Penulis lepas itu seperti burung di alam bebas. Taufiq Wr. Hidayat bukan seperti burung berkicau di dalam sangkar. Fiq adalah burung berkicau di alam bebas. Uang akan datang dengan sendirinya. Dan memang naif ada orang mengejar uang. Kita pastikan ia orang gila. Sementara itu, penulis bukan orang gila. Burung tidak makan uang. Uang bisa mendapatkan Lovebird.
Judul-judul buku Taufiq Wr. Hidayat bisa bicara banyak. Bisa menjadi perkara yang berkepanjangan. Buku terakhir yang terbit adalah “Kitab Kelamin”. Di sampul belakang “Kitab Kelamin” itu, ada komentar Rachmat Sarmadhan. Mengaku sebagai pengamat kelamin. Tapi saya tidak yakin. Boleh jadi ia bisa membayangkan kelamin saat memandang perempuan cantik di acara “Tribute Yon’s DD dan Catur Arum” kemarin (Jumat, 21 Februari 2020) di sebuah hotel mewah di Banyuwangi.

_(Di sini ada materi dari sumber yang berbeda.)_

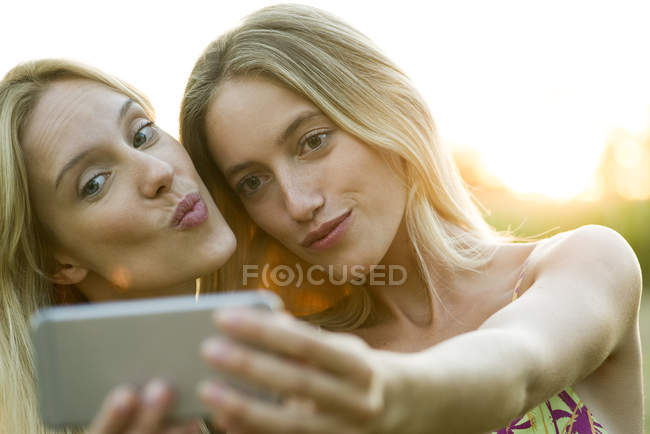 Жіноча пара позує за селфі на смартфоні — стокове фото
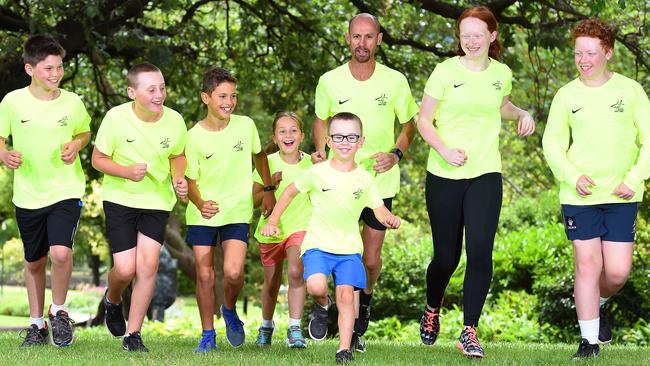 Herald Sun CityLink Run for the Kids race director Steve Moneghetti (centre) with kids Liam, 11, Ben, 10, Liam, 11, Abbie, 8, Finn, 5, Keeley, 16 and Matt, 14. Picture: Josie Hayden.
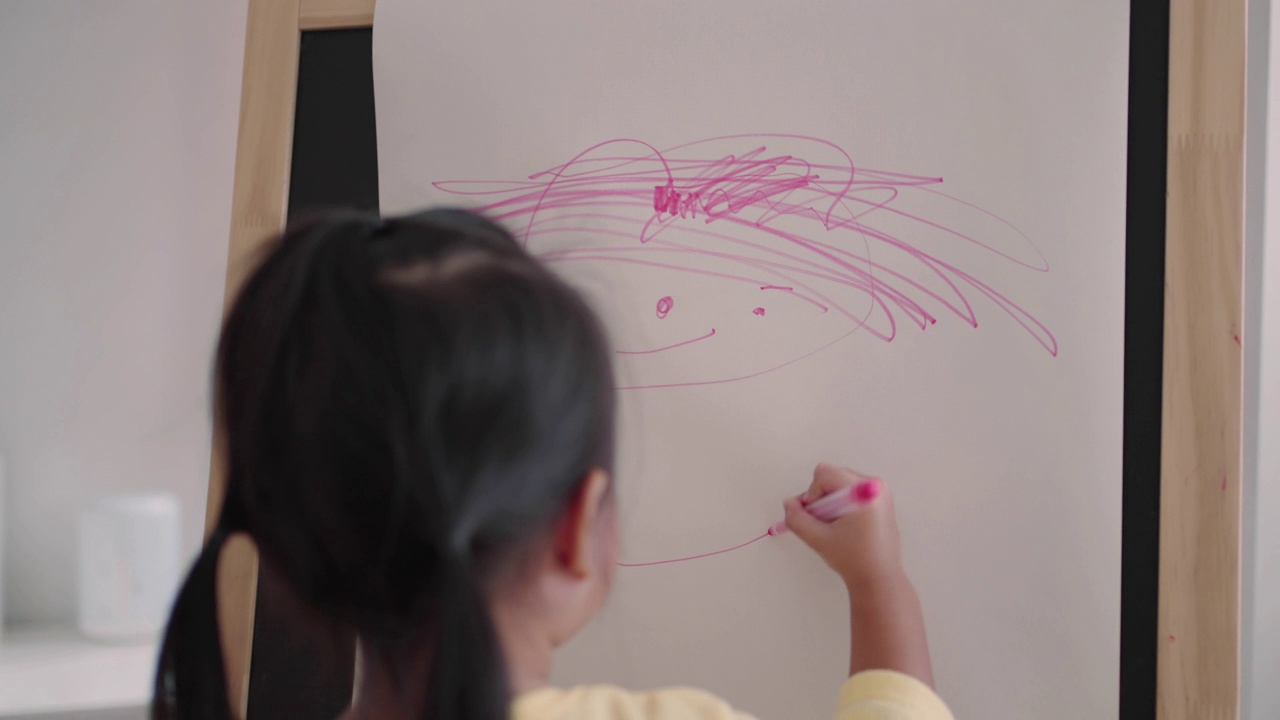 亚洲小女孩在纸上用彩笔画画视频素材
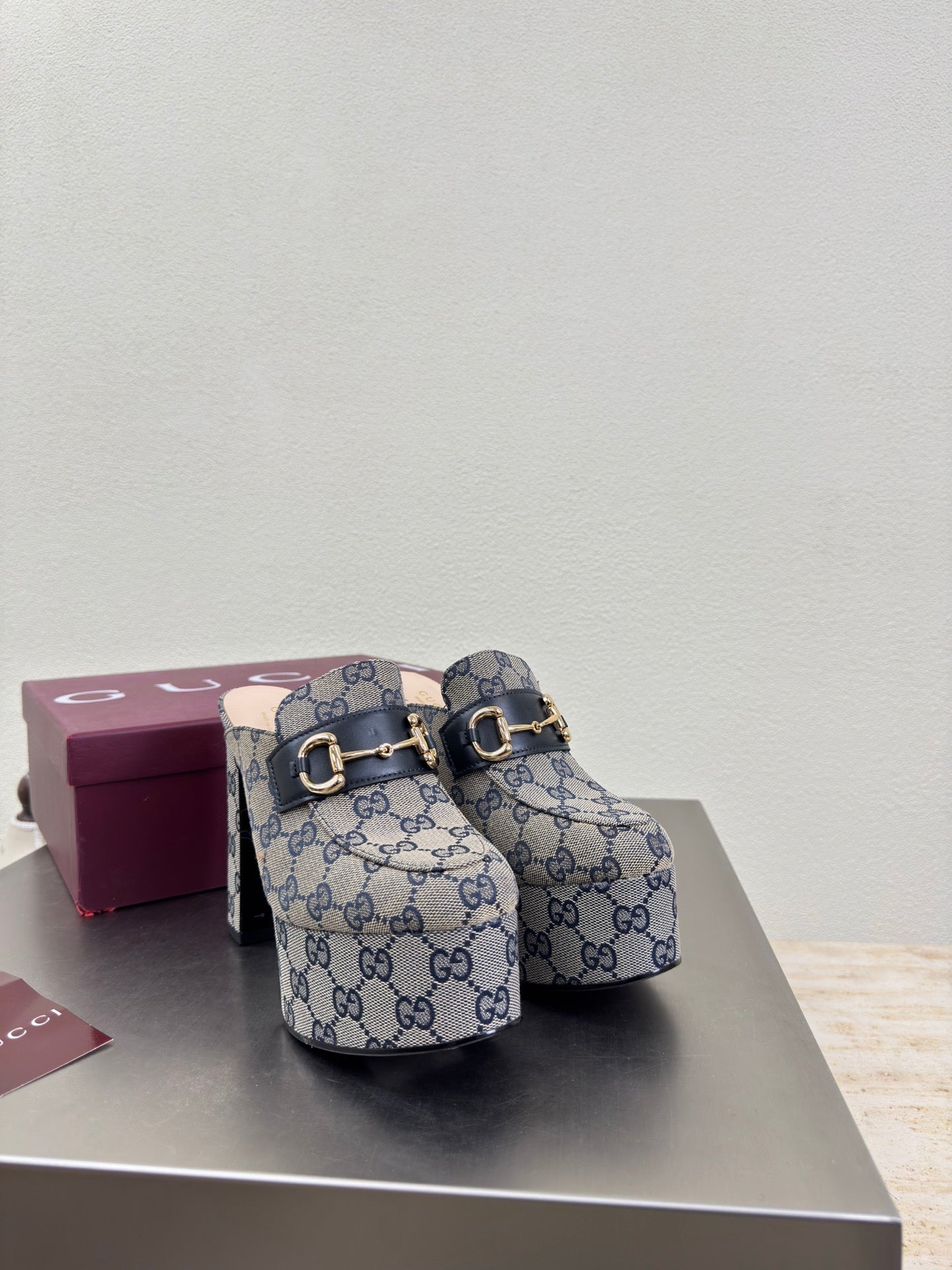 Gucci GG-pattern slip-on mules with gold hardware and black interior lining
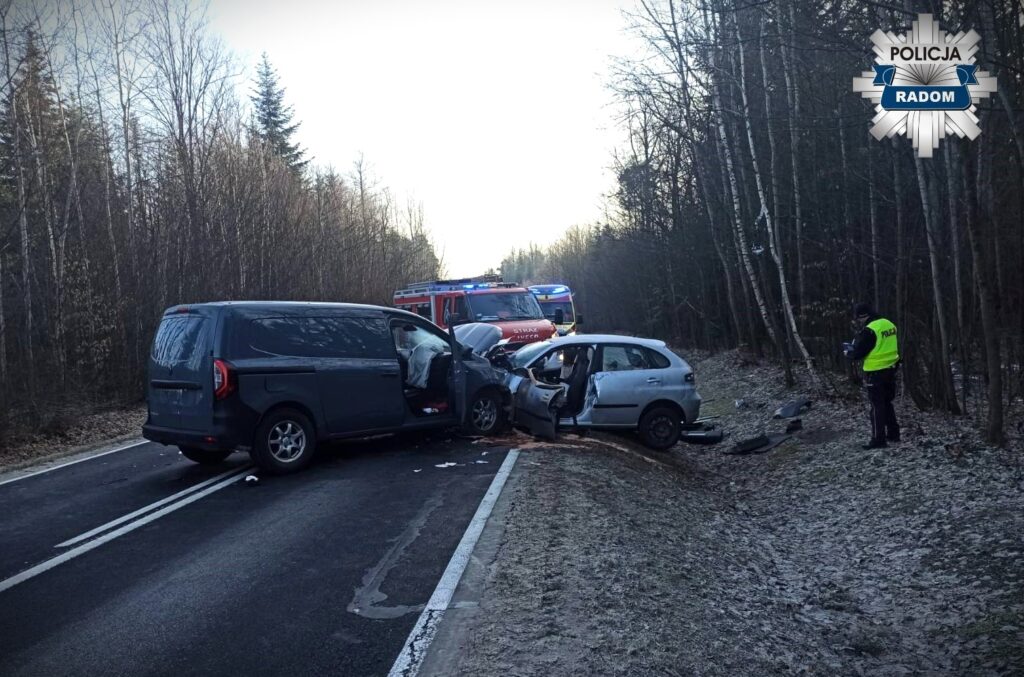 Zderzenie dwóch samochodów na drodze, obok stojący radiowóz i wozem strażackim, w otoczeniu lasu.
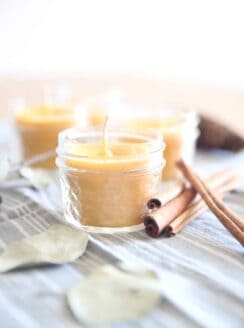 Homemade beeswax candles with cinnamon sticks.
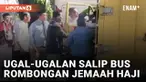 Aksi sebuah mobil box ugal-ugalan saat di jalan hendak menyalip bus rombongan jemaah haji mengundang perhatian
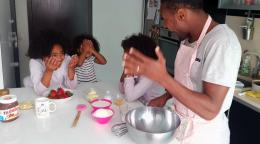 Blue Sharks Capitan , Marcos Soares cooks with young girls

Rachmat Sarmadhan, orang yang mengaku sebagai pengamat kelamin tersebut, minta penjelasan lebih lanjut perihal dirinya. Karena nama Rachmat Sarmadhan ada dalam tulisan saya. Sampoerna Hijau dulu, nanti akan saya jelaskan panjang kali lebar, kata saya. Pengepulan (asap), itu penting. Bisa mencairkan suasana, melunakkan batin. Disanding dengan kopi Nongko. Tidak bisa duduk hanya satu dua jam. Dengan demikian, biasanya nasi bungkus datang menyusul. Dan tidak harus banyak omong. Sebab diam adalah kecelakaan. Rachmat Sarmadhan tampak lucu kalau diam. Maksudnya kalau dia diam melihat kawannya tak punya rokok. Ini sebagai klarifikasi. Tentu saja ini gara-gara “Kitab Kelamin” Taufiq Wr. Hidayat yang nyentrik itu. Akan saya jelaskan hubungan antara “Kitab Kelamin” dengan “si pengamat kelamin”. Tentu ada alasannya. Ada kaitannya. Adalah luar biasa pengamat kelamin ikut kasih komentar. Terus terang (sang), saya orgasme. Tidak menduga kalau Rachmat Sarmadhan adalah pengamat kelamin. Sebab selama ini yang saya ketahui, Rachmat Sarmadhan pecinta sastra budiman. Tentu saja tidak ada yang salah. Yang ditestimoni bukan kelamin. Lucunya di situ. Ini nyatanya menjadi garis lucu baru dalam khasanah penerbitan sastra maupun non-sastra. Tidak ada salah ketik. Ini bukan Rancangan Undang Undang.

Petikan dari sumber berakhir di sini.